Forum Moderators: open

Message Too Old, No Replies

Does Google crawl CSS files?

It seems like it they do...

         

edit_g

6:00 pm on Sep 13, 2003 (gmt 0)

WebmasterWorld Senior Member 10+ Year Member



Host: 64.68.86.9
Url: /example.css
Http Code : 200
Date: Sep 12 23:13:23
Http Version: HTTP/1.0"
Size in Bytes: 3323
Referer: - Agent: Googlebot/2.1 (+http://www.googlebot.com/bot.html)

Is this normal?

iThink

3:07 am on Sep 14, 2003 (gmt 0)

10+ Year Member



Never seen this before in my logs. Interesting development.

edavid

10:44 pm on Sep 14, 2003 (gmt 0)

10+ Year Member



Oh, no! Better go validate all my style sheets.

Wonder if they're looking for H1 resizing....

DaveN

10:48 pm on Sep 14, 2003 (gmt 0)

WebmasterWorld Senior Member 10+ Year Member



saw this a few weeks backs in the logs of a site which had been dropped from the serps, the CSS was using a dodgy method at the time.

DaveN

ronin

11:32 pm on Sep 14, 2003 (gmt 0)

WebmasterWorld Senior Member 10+ Year Member Top Contributors Of The Month



Well... whether they're looking for <hx> resizing or not, it's very unlikely that Google would consider that a 'dodgy' method.

It's a little senseless to argue that IE, Mozilla, Opera, Safari etc. know better than the author of a page how a heading should look on that page and I'm sure that Google wouldn't defend this idea...

abbeyvet

11:43 pm on Sep 14, 2003 (gmt 0)

WebmasterWorld Senior Member 10+ Year Member



Unless it is resized to 1px

iThink

11:45 pm on Sep 14, 2003 (gmt 0)

10+ Year Member



DaveN,

Were you using CSS for adding hidden text on the pages that were dropped from the SERPs or was it visible text with very small font size?

metagod

12:10 am on Sep 15, 2003 (gmt 0)

10+ Year Member



Wouldn't they be more interested to see whether they are using display: none; in their stylesheets?

I would say that would be a bigger issue then who is resizing text...

requiem

1:26 am on Sep 15, 2003 (gmt 0)

10+ Year Member



Yes, I have seen that to.
It makes perfect sense since using CSS to trick the SE is so common.
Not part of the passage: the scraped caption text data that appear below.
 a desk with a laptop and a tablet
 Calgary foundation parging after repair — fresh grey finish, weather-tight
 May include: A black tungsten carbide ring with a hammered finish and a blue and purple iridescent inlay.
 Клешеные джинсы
I guess it is not an good idea to use fixed font-sizes.

Of some reason it seems like Google doesn't
follow the @import directive

Eg.

<link rel="stylesheet" href="style1.css" />
<style type="text/css">
@import url("style2.css");
</style>

Here Google will only crawl style1.css and not style2.css.
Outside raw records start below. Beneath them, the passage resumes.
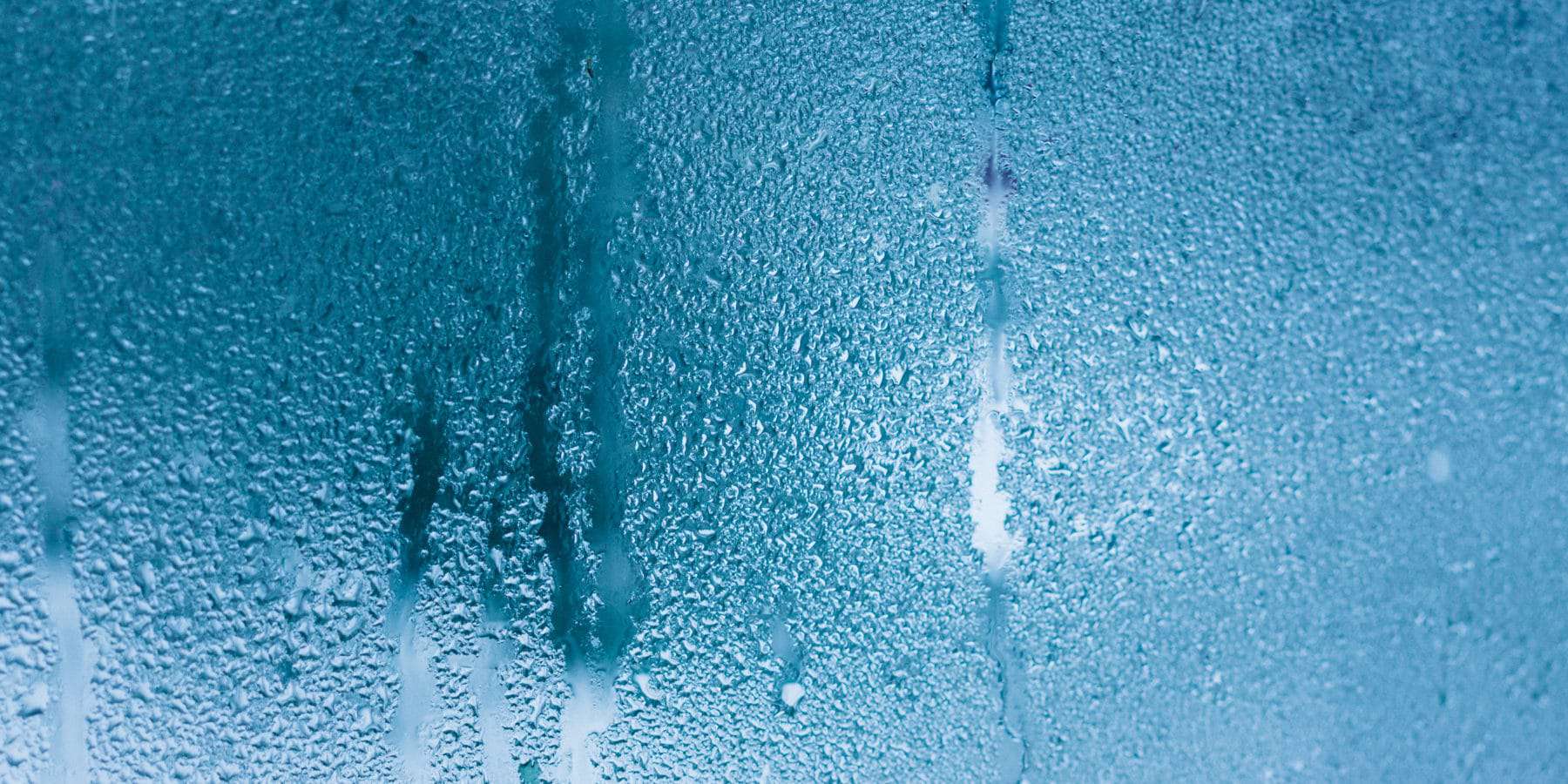 Window covered in condensation from high home humidity levels.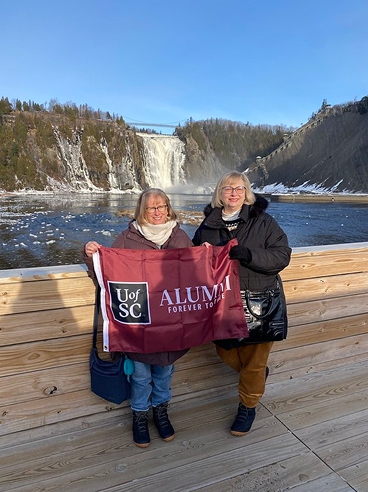 Two women standing on a wooden platform by a frozen waterfall, holding a maroon flag that reads 'UofSC ALUMNI FOREVER TOGETHER', with winter scenery in the background.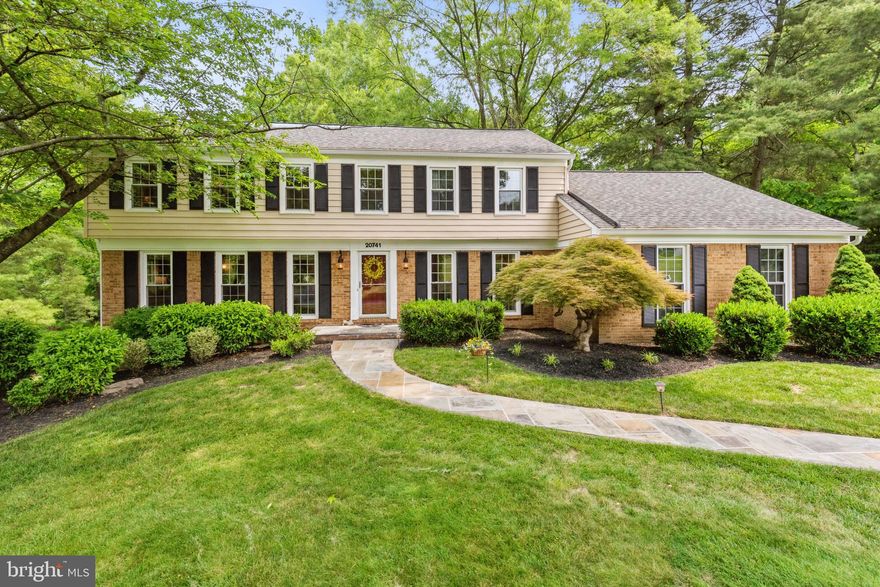 Extraordinary curb appeal welcomes you to this pristine center hall colonial perfectly situated on a majestic park-like 1.72 -acre lot. Hardwood floors throughout the main and upper levels. Elegant formal living and dining rooms with crown molding grant an enviable amount of space to host guests with ease. A sunny family room with recessed lighting and a wood-burning fireplace is perfect for everyday living. Perfectly situated off of this room is an impressive low-maintenance composite deck that creates an amazing outdoor living space with great party flow or simply a quiet spot to enjoy morning coffee. The gourmet eat-in kitchen features a breakfast bar with room for seating, table space overlooking the beautiful backyard, and a built-in desk.  This sun-drenched modern kitchen also boasts recessed lighting, granite counters, soft-close cabinetry, and GE Profile stainless steel appliance. Situated off of the kitchen is a large mudroom and laundry room with access to the two-car garage. Upstairs retreat to your sun-filled primary suite with a walk-in closet and private bathroom with a soaking tub overlooking the serene backyard. Three additional bedrooms and a renovated hall bath complete the second level. Daylight-finished lower level is perfectly designed for entertaining! Large recreation room with recessed lighting and built-ins has room to relax and entertain and a separate space ideal for a home gym or gaming area.  From this level, access the slate patio perfect for evening parties. Gather around the built-in firepit on chilly evenings. A gorgeous fully fenced backyard is your own slice of heaven.  Other notables on this special home include new GE Profile stainless steel appliances: microwave and fridge (2023), stove (2022), water softener/water filtration system with UV light (2021), siding and gutters (2021), roof (2019), and water heater (2019). Only one mile to grocery stores, pharmacies, dry cleaners, and more! Close to quaint Laytonsville with nurseries, golf courses, post office, and restaurants. Less than an hour to BWI, Dulles, and National airports. Commute with relative ease to DC, Baltimore, Bethesda, or Frederick.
I hope they don't start to drop sites using hidden text, there
are several accessability issues that would be affected.

TheWhippinpost

2:04 am on Sep 15, 2003 (gmt 0)

10+ Year Member



>> there are several accessability issues that would be affected.
<<

Precisely!

It's difficult to argue any case of penalisation when there's an equal, if not greater justification for using anything that CSS allows... Even negative-valued div's have a "legal" and innocent use to people.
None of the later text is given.